» Task goal
Reproduce, please, the line that holds "Traditional homemade pickles" and all later lines through the end of the entries below, exactly; omit pictures.

Extracted records
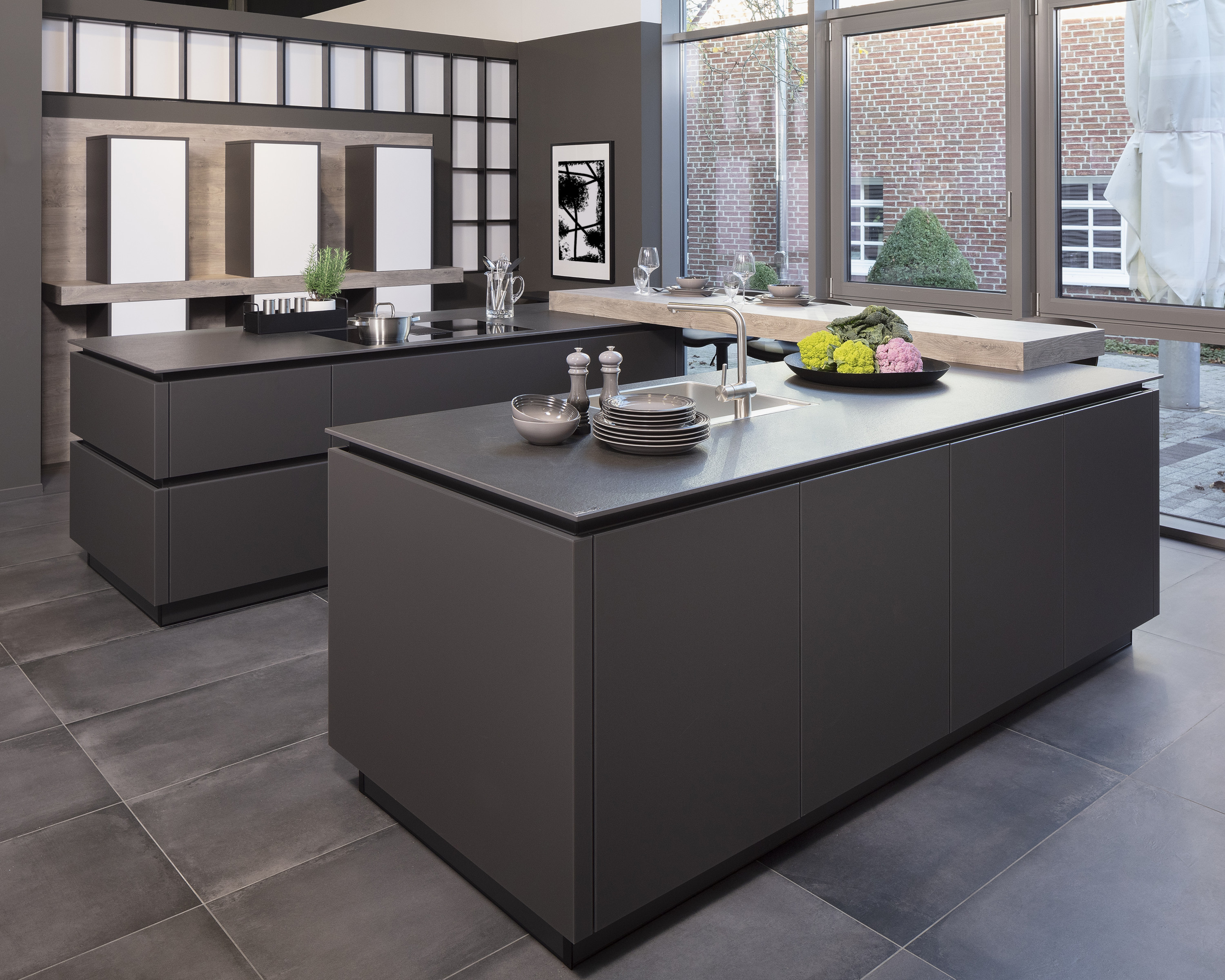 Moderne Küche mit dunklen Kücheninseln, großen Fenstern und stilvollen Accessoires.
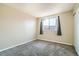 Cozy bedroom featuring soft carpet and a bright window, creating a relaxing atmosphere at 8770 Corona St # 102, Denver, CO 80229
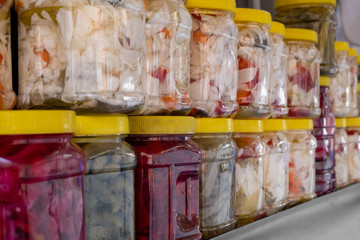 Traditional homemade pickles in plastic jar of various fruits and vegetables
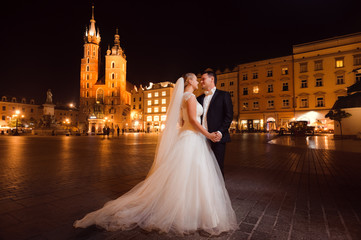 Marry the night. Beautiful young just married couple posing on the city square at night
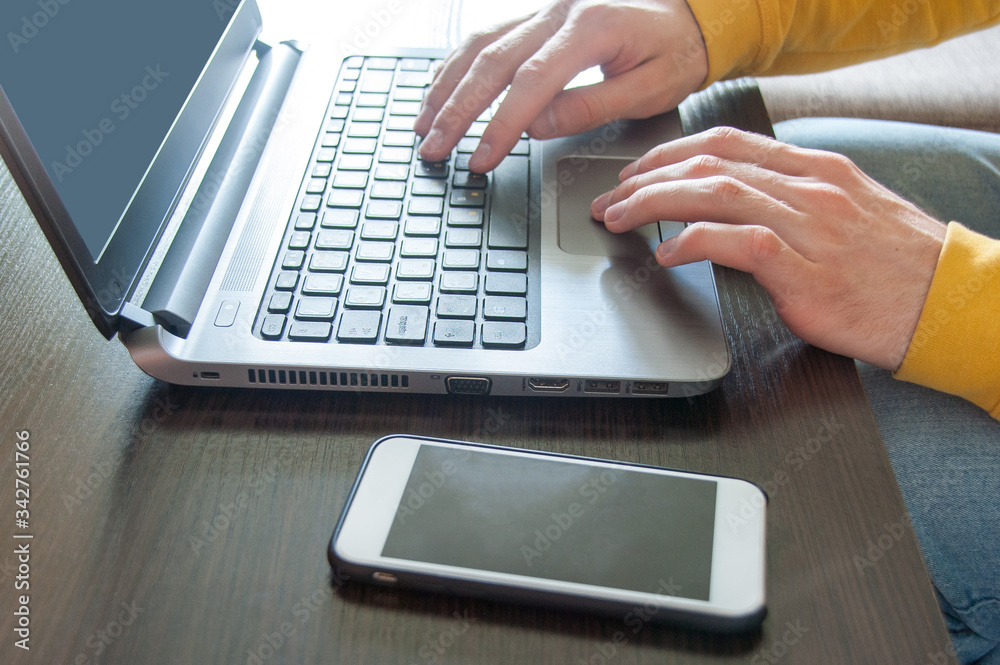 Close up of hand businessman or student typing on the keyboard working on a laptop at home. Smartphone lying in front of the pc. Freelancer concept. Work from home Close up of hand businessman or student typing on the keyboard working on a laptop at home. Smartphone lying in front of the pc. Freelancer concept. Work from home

» Result of the exercise
 Traditional homemade pickles in plastic jar of various fruits and vegetables
 Marry the night. Beautiful young just married couple posing on the city square at night
 Close up of hand businessman or student typing on the keyboard working on a laptop at home. Smartphone lying in front of the pc. Freelancer concept. Work from home Close up of hand businessman or student typing on the keyboard working on a laptop at home. Smartphone lying in front of the pc. Freelancer concept. Work from home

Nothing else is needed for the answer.